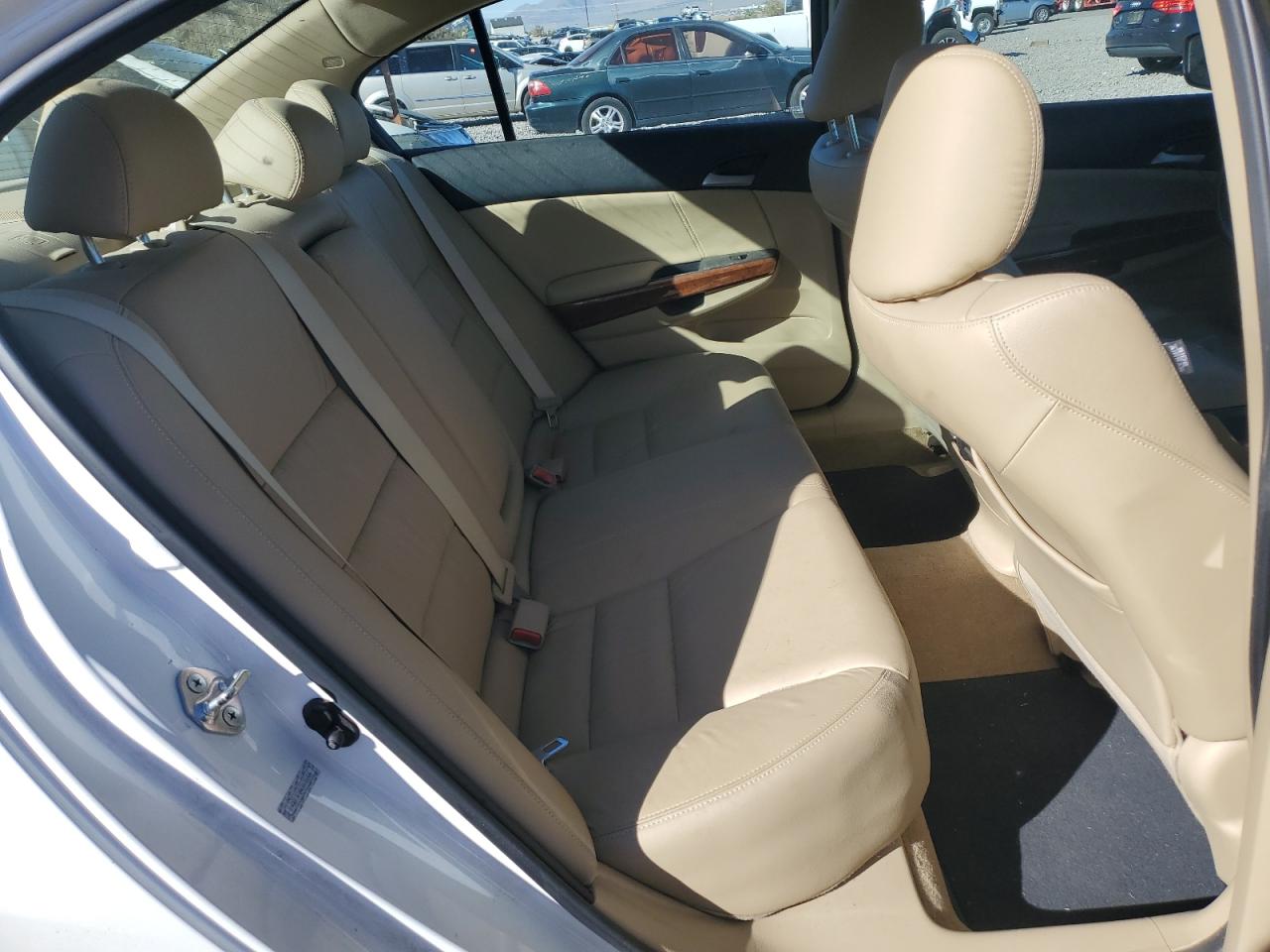 2012 Honda Accord Exl VIN: 1HGCP3F88CA033366 Lot: 81519165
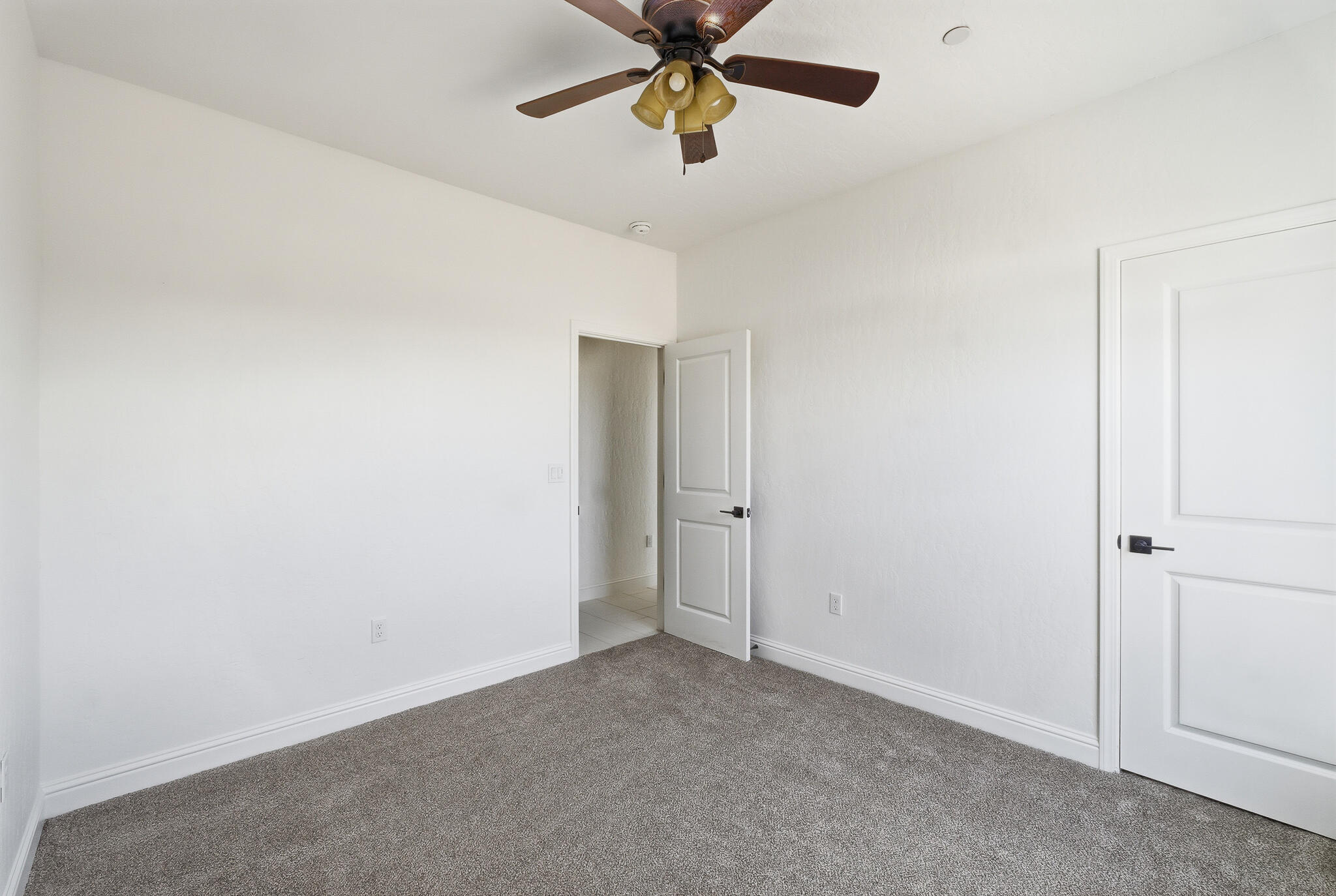 6347 W Elowin Ave, Visalia, CA 93291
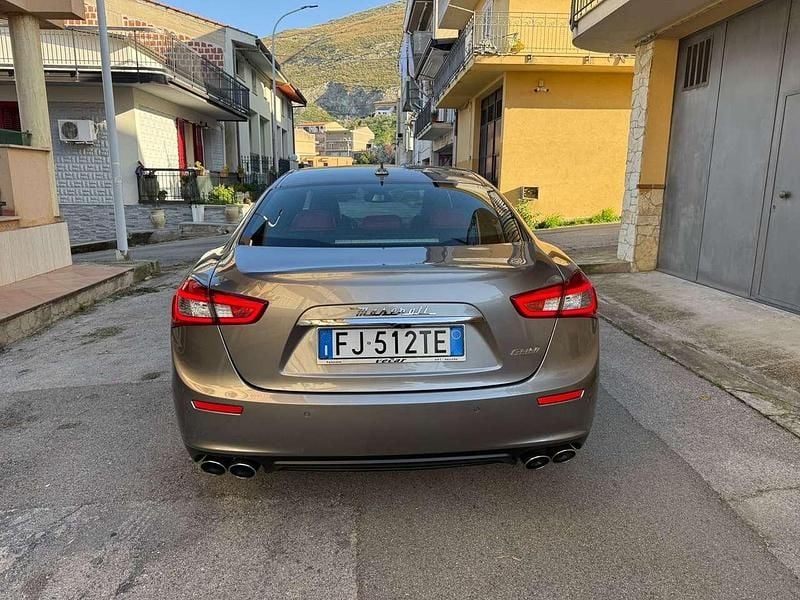 Usata Maserati Ghibli 250 CV (183 kW) 2017 Grigio Berlina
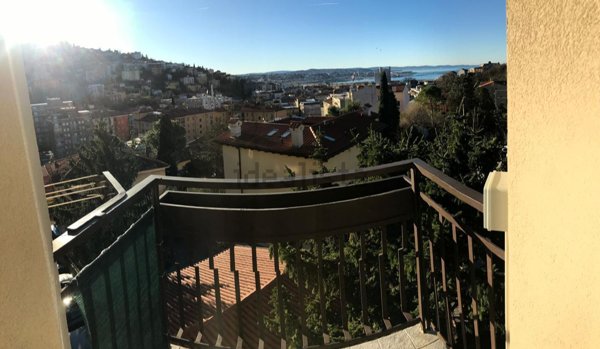 appartamento in vendita a Trieste in zona Roiano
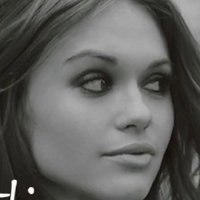 Katie Garfield Desnuda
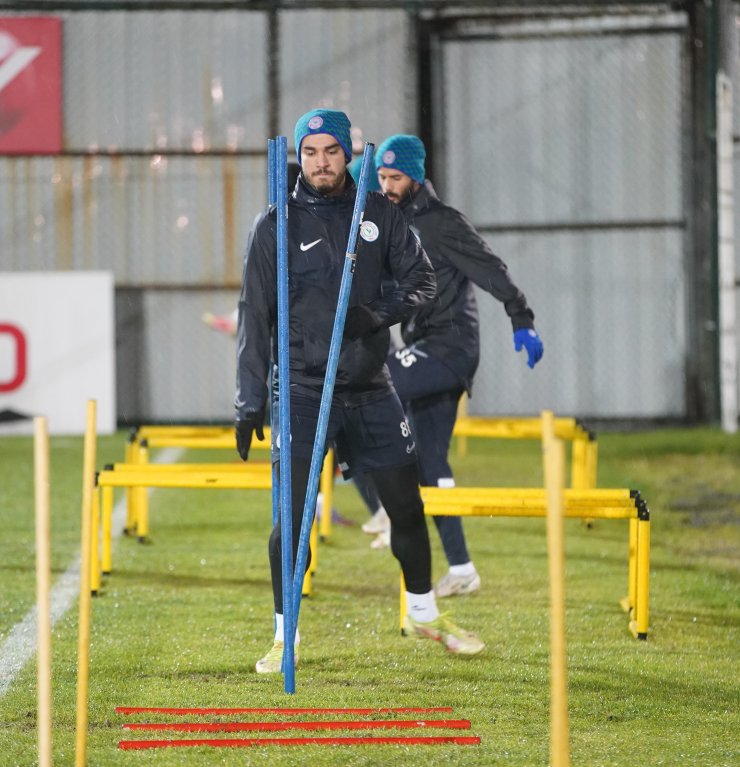 Çaykur Rizespor’da Beşiktaş maçı hazırlıkları başladı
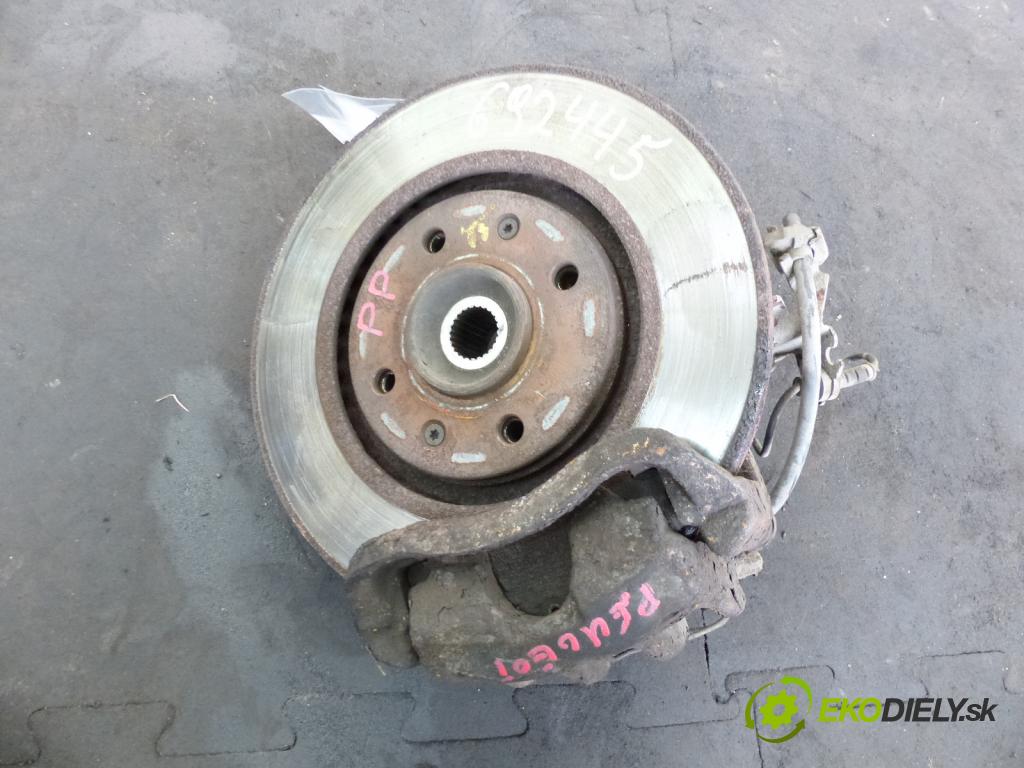 Peugeot 406 1.9 TD   1900 cm3  náboj pravá  (Náboje)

--- --- ---

▶ **Goal of the exercise**
Would you output the listing above verbatim, without its pictures?

▶ **Answer box**
 2012 Honda Accord Exl VIN: 1HGCP3F88CA033366 Lot: 81519165
 6347 W Elowin Ave, Visalia, CA 93291
 Usata Maserati Ghibli 250 CV (183 kW) 2017 Grigio Berlina
 appartamento in vendita a Trieste in zona Roiano
 Katie Garfield Desnuda
 Çaykur Rizespor’da Beşiktaş maçı hazırlıkları başladı
 Peugeot 406 1.9 TD   1900 cm3  náboj pravá  (Náboje)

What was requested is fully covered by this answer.